Il va sans dire que, dans toute prévision, il y a un aléa, et le Gouvernement
ne saurait nier la difficulté d'une prévision de recettes fiscales. Reste que
nous ne disposons pas aujourd'hui d'éléments qui puissent nous laisser présager
que notre prévision de la fin du mois de septembre serait caduque.
Vous avez également insisté sur le manque de pertinence de l'analyse du
Gouvernement quant à la prévision du déficit qui figure dans ce collectif de
fin d'année, disant qu'il était supérieur à celui de 1999. Permettez-moi, une
fois de plus, de vous dire que je ne partage pas votre analyse. Le collectif
budgétaire n'est qu'une étape dans une exécution budgétaire. Je vous donne
rendez-vous au mois de janvier, lorsque nous disposerons des résultats
définitifs de l'exécution de l'année 2000.
Je me réjouis comme vous du fait que les collectivités locales et la sécurité
sociale produisent des excédents, mais je ne peux pas vous laisser dire, à
l'inverse, que le déficit de l'Etat serait durablement maintenu à un niveau
supérieur ou égal à 3 % du PIB. Selon vous, sans la sécurité sociale ou les
collectivités locales, le déficit des administrations publiques serait
supérieur aux critères d'éligibilité à l'euro. Or tel n'est pas le cas. L'Etat
reste déficitaire, c'est un fait. Nous nous employons à réduire ce déficit qui,
en 2000, sera de 2,3 %. C'est encore certainement trop, mais notre
programmation à moyen terme planifie la « décrue » du déficit de l'Etat. Voilà
pourquoi on ne peut pas dire que le déficit de l'Etat est égal à 3 %.
Monsieur Fréville, vous prétendez que nous avons souhaité éviter des débats
difficiles sur la répartition des plus-values de recettes fiscales. Mais, si
nous avions réellement souhaité éviter des débats difficiles, nous n'aurions
peut-être pas présenté deux projets de loi de finances rectificative au cours
d'un seul exercice budgétaire, car ce sont à chaque fois des débats publics
difficiles auxquels le Gouvernement s'expose, surtout devant la Haute Assemblée
!
C'est vrai, la progression des recettes fiscales en 2000 est sans doute sans
précédent ; elle résulte de la reprise très vive de la croissance et de
l'emploi. Nous ne pouvons que nous en réjouir. J'ajouterai simplement aux
propos que j'ai tenus en réponse à M. Braun que les recettes 2000 sont aussi
très tributaires de la croissance de 1999, puisque quasiment la moitié de ces
recettes sont assises sur les revenus de 1999 et qu'au moment où cette
prévision a été réalisée, c'est-à-dire à la fin de 1999, nous étions en train
de sortir du trou d'air sans trop le savoir. Je n'allongerai pas les débats,
mais je vous renvoie à des discussions que nous avons déjà eues.

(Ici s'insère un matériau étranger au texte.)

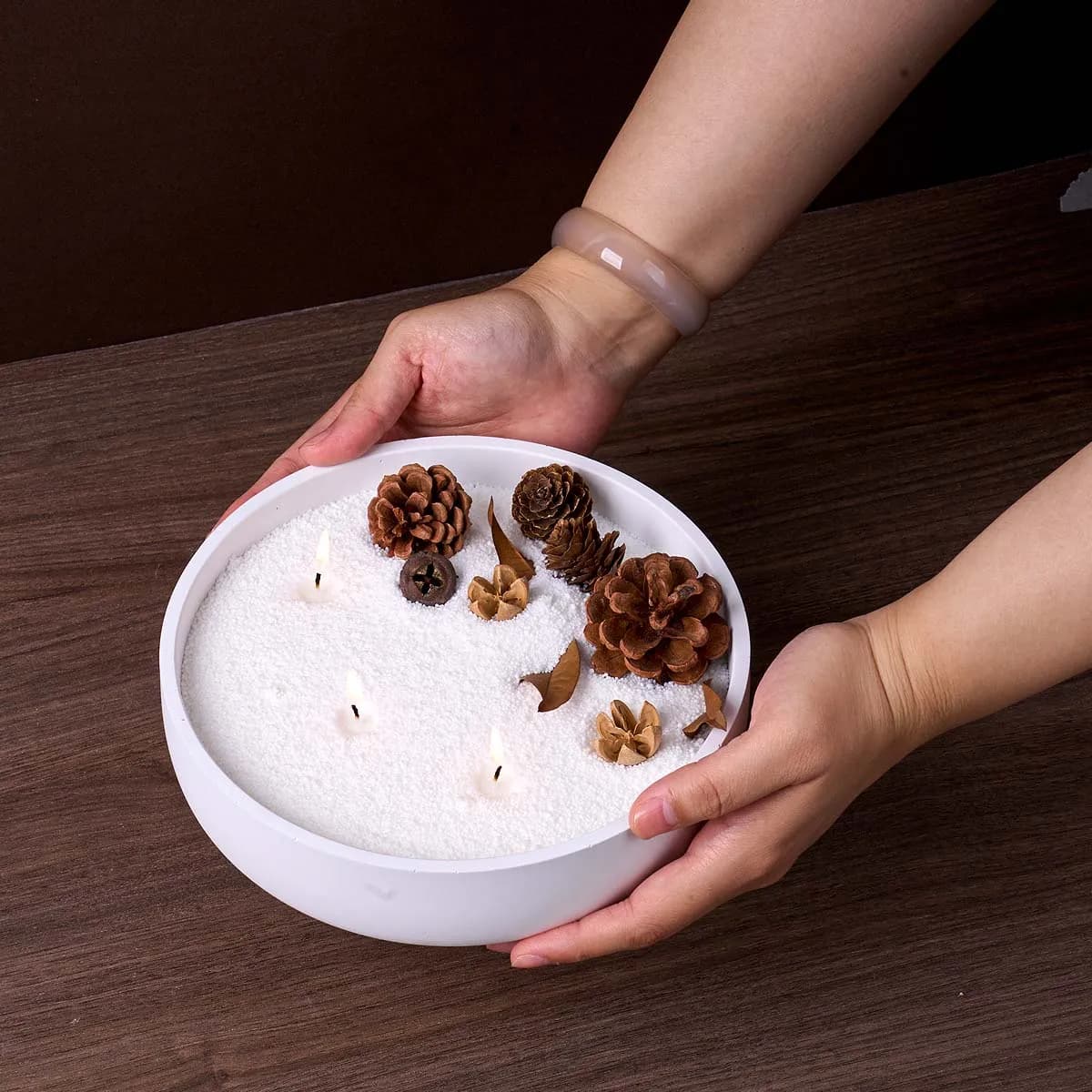 Round Jewelry Storage Tray Silicone Mold DIY Handmade Plaster Concrete Resin Candle Display Plate Craft Casting Molds Home Decor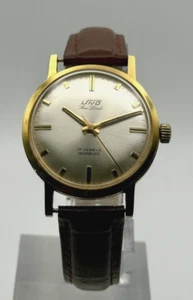 Rare Vintage Uno Sea Lord 33mm Gold Tone Manual Wind 17 Jewel Swiss Dress Watch - Picture 1 of 10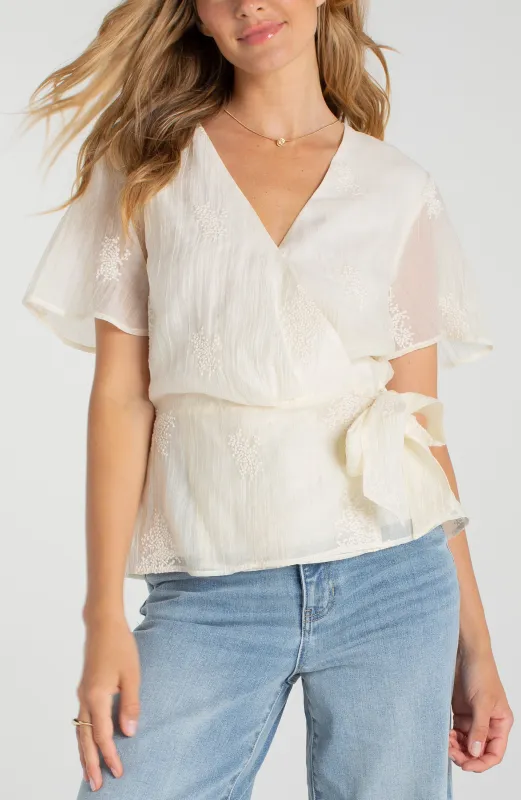 PETITE WRAP FRONT WOVEN TOP W/ TIE made by Liverpool Jeans Company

Je suis tout à fait d'accord pour souligner le caractère particulièrement
élevé de l'élasticité à la croissance des impôts, notamment de l'impôt sur les
sociétés. C'était vrai en 1999 ; ce le sera encore en 2000. Cependant,
j'indique qu'il faut voir là non pas principalement l'effet « progressivité »,
mais bien le résultat d'une dynamique, la dynamique de l'emploi, qui a permis
les baisses d'impôts que nous constatons en 2000.
S'agissant de la taxe générale sur les activités polluantes, j'estime,
contrairement à tous les qualificatifs qui lui sont réservés et auxquels je ne
souscris pas, que c'est un impôt extrêmement novateur. En effet, il est
novateur parce qu'il est incitatif dans la mesure où il prévoit une négociation
avec les entreprises sur des objectifs de réduction des émissions de gaz
carbonique ou de la consommation d'énergie en contrepartie de ces engagements,
des allégements de taxes sont concédés, du moins, bien entendu, si les
engagements sont tenus.
Je pense sincèrement que ce dispositif, qui introduit dans notre fiscalité des
principes assez novateurs, est tout à fait judicieux, surtout après qu'il a été
substantiellement amélioré par la commission des finances de l'Assemblée
nationale.
(Applaudissements sur les travées socialistes ainsi que sur
celles du groupe communiste républicain et citoyen.)
M. Alain Lambert,
président de la commission des finances.
Je demande la parole.
M. le président.
La parole est à M. le président de la commission.
M. Alain Lambert,
président de la commission des finances.
J'indique aux membres de la
commission des finances que nous nous réunissons à quatorze heures quinze, pour
examiner les amendements déposés sur ce projet de loi.